GIVEN DATA>
* * * * * * * * *
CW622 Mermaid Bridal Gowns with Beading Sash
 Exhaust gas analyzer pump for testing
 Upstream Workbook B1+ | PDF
* * * * * * * * *
WORK ORDER>
Here the job is to restate all of the data word for word.

WRITTEN ANSWER>
CW622 Mermaid Bridal Gowns with Beading Sash
 Exhaust gas analyzer pump for testing
 Upstream Workbook B1+ | PDF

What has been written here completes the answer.